_Problem statement:_
For the data that follows, print the line with "14K Gold Polished", the line with "Beautiful weather and", and all lines between them, exactly as they stand. Omit pictures and add nothing.

_Data for this exercise:_
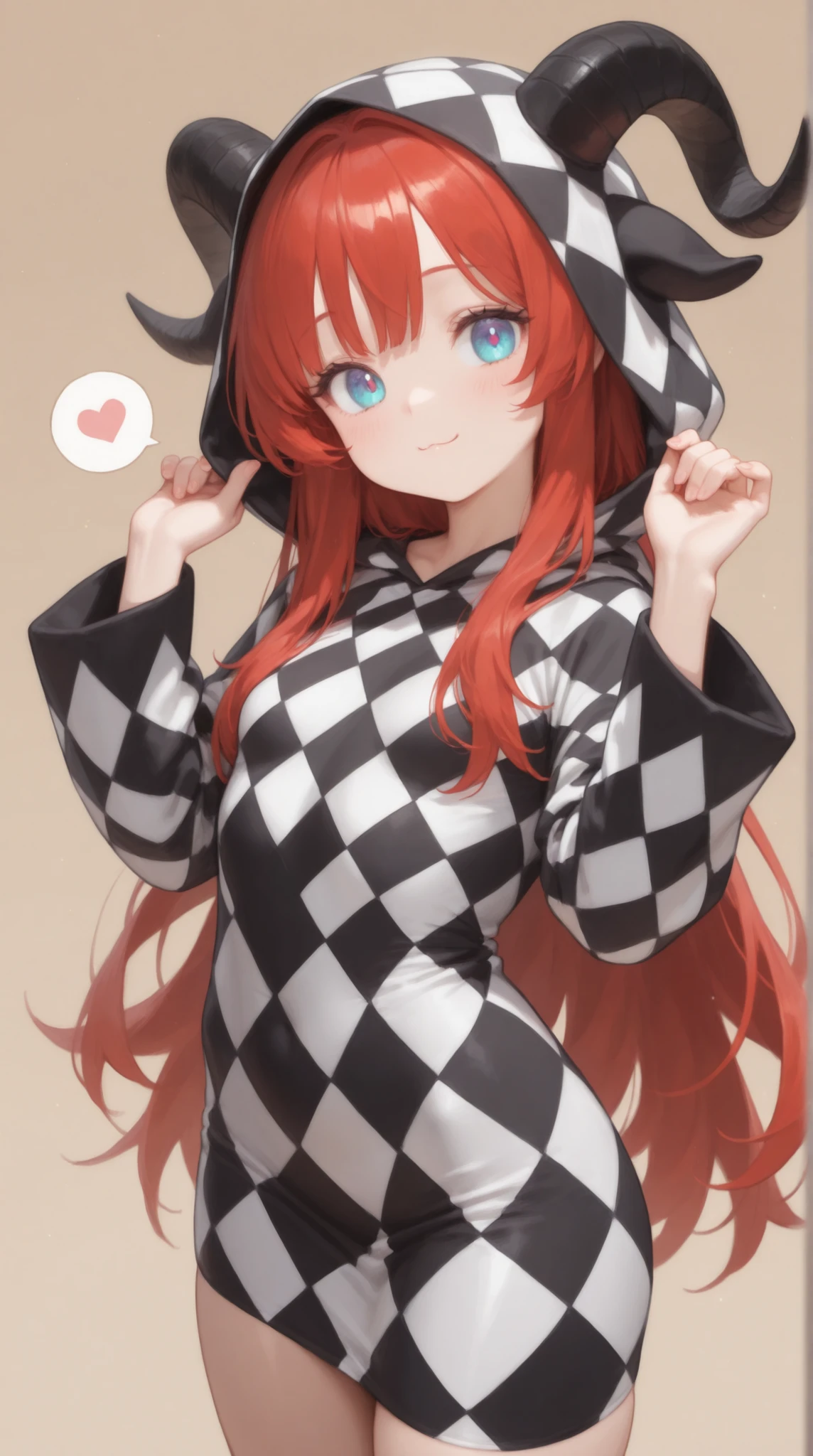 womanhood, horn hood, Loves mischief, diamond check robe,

==

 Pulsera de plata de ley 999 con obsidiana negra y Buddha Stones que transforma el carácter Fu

---

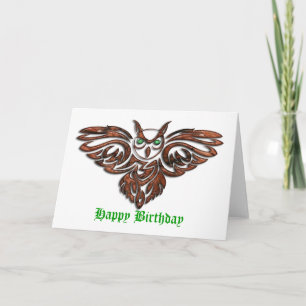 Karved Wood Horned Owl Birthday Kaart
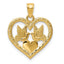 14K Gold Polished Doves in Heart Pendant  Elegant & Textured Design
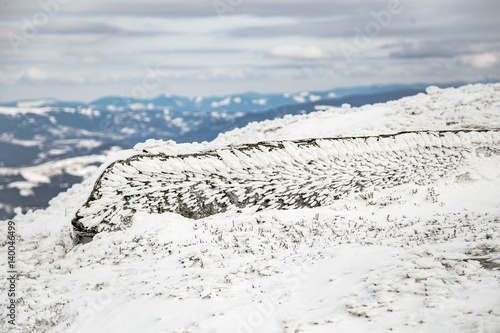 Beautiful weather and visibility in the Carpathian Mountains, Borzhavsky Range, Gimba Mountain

_Reply:_
 14K Gold Polished Doves in Heart Pendant  Elegant & Textured Design
 Beautiful weather and visibility in the Carpathian Mountains, Borzhavsky Range, Gimba Mountain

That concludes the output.